>
Artigos

O poder em tempos de cólera

Escrevo no dia em que o meu país celebra a mais certa revolução de sempre: a revolução que nos devolveu a liberdade e que nos deu a democracia.

Escrevo no dia em que, justamente, se celebra a mais importante data da nossa história recente e comum. Escrevo no dia em que muitos defenderam, em alto e bom som, a suspensão das comemorações, e em que outros primaram pela ausência.

Sei que escrevo também num tempo diferente que tanto nos tem desafiado e vai continuar a desafiar. Mas escrevo com a certeza de que as conquistas de Abril devem continuar a ser respeitadas. Não só a liberdade como valor indiscutível e inegociável, mas a liberdade que traz a igualdade e a fraternidade, a justiça e a equidade, o bem comum e o respeito por um sistema que garanta todos os preceitos constitucionais do nosso país, que respeite os órgãos eleitos e que não transfira para grupos e corporações uma legitimidade democrática que não é deles por direito.

Queria acreditar que estes tempos difíceis que estamos a viver nos fizessem mais lúcidos, mais justos, mais certos. Mas conjugo este querer num pretérito imperfeito que, por sua vez, reflete o medo e a quase certeza de um futuro imperfeito no que deveria ser o tempo depois deste tempo estranho e trágico.

Escrevo num tempo em que todos nós sabemos já os desafios e as dificuldades que vêm aí. Desafios e dificuldades que vão atingir as famílias, a economia, a vida tal como a conhecemos.

Por saber isto, é que me inquietam os sinais que começam já a surgir. E estes sinais são claros: no meio da tempestade há gente que não se distrai, gente que continua a definir as suas ações pela agenda política e não pelo interesse comum. Gente que continua a ter como prioridade a manutenção dos privilégios da casta política a que pertence, disfarçando esse programa com uma aparência de defesa da coisa comum e da democracia enquanto serviço a todos.

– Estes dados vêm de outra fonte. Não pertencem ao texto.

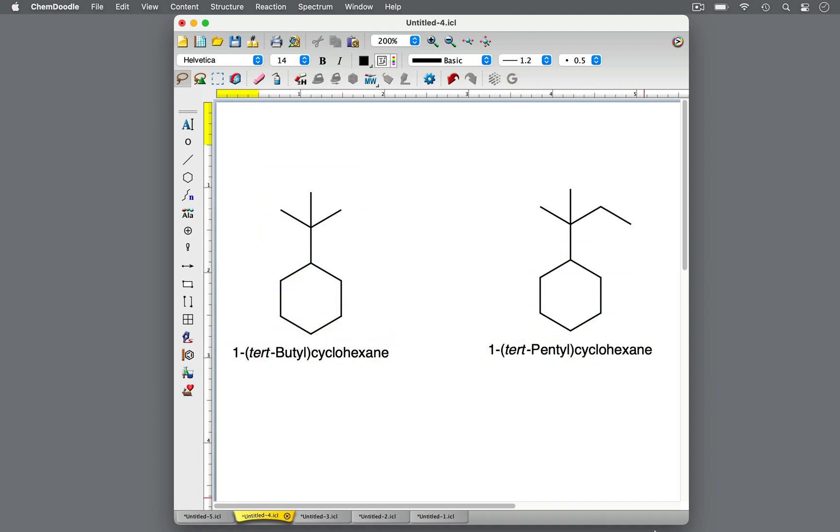In this molecule, there are five total carbons in the substituent, a pentyl group. Two methyl branches are bonded to the same carbon of the continuous carbon chain. So this carbon is tertiary with three other carbons attached to it, making this substituent a tert-pentyl group.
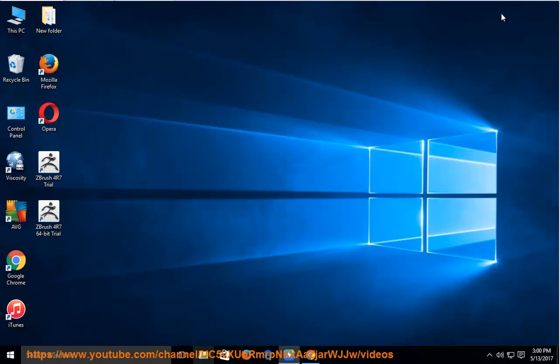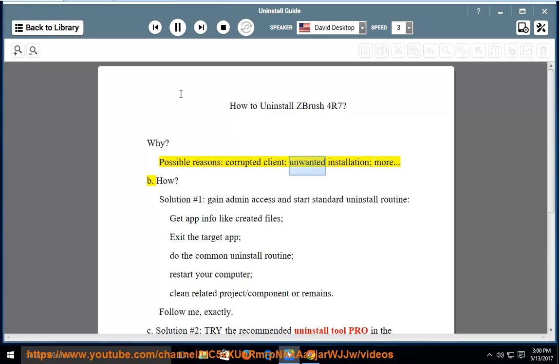How to Uninstall ZBrush for R7? Why? Possible reasons include a corrupted client or unwanted installation.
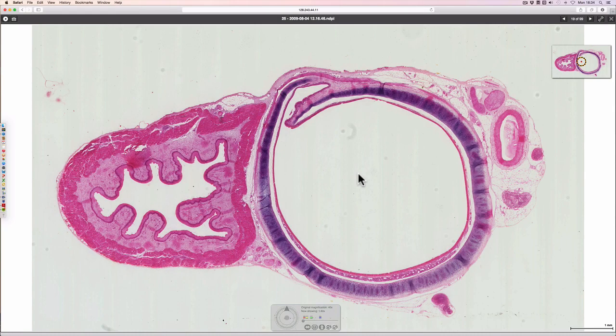This video is going to concentrate on looking at the structure of the respiratory epithelium and the layers of the respiratory tract.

O vírus pode matar, mas parece que não matará o caciquismo que tem mantido o poder nas mãos dos mesmos, e, por essa via, os problemas por resolver e a inexistência de um rumo certo e capaz de ver além da agenda política do momento.

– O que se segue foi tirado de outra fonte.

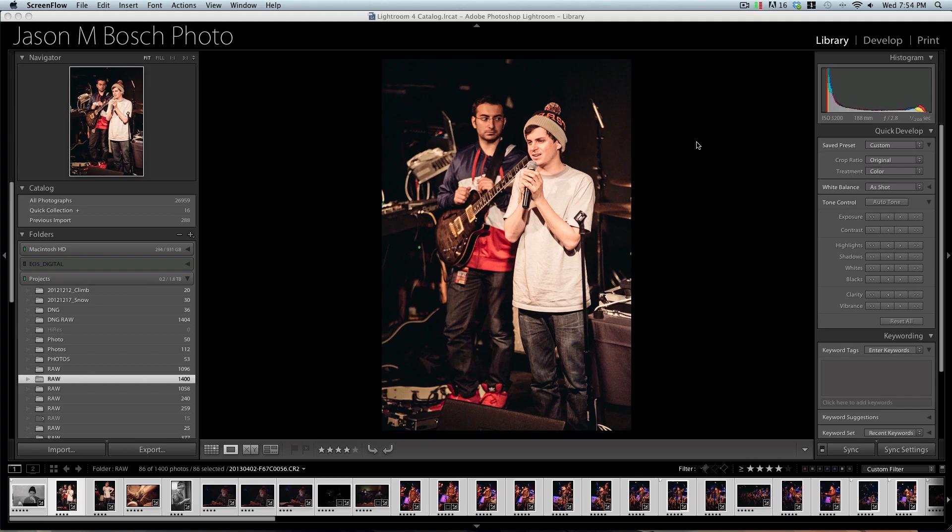Hey everyone, Jason here from Red Stallion Media. Today I have another quick tip, this time in Lightroom 4.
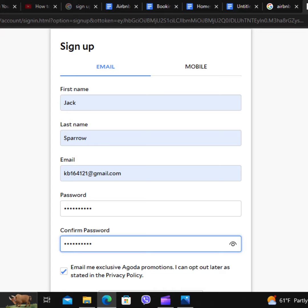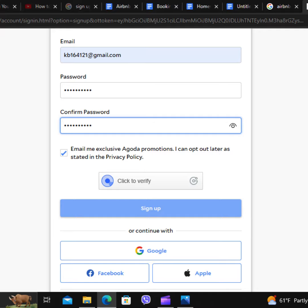Here on this page, enter your first name, last name, email and password, and click on the sign up button after solving the captcha.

Como autarca, preocupa-me que num tempo que vai exigir de todos nós medidas concretas de apoio à população, persistam teimosias de não entregar aos municípios as verbas que são deles por direito, como é o caso do IRS, e que se prefira antes entregar verbas, sem garantias de transparência e eficácia, aos braços armados do Governo, como são as associações disto e daquilo e as ditas casas do povo.

Ou seja, alimenta-se a mão amiga que sustenta o poder e deixa-se de mãos caídas as instituições eleitas com o voto do povo. E, pelo meio, esquece-se que se gere o dinheiro alheio e que as dívidas às autarquias são realmente dívidas à população.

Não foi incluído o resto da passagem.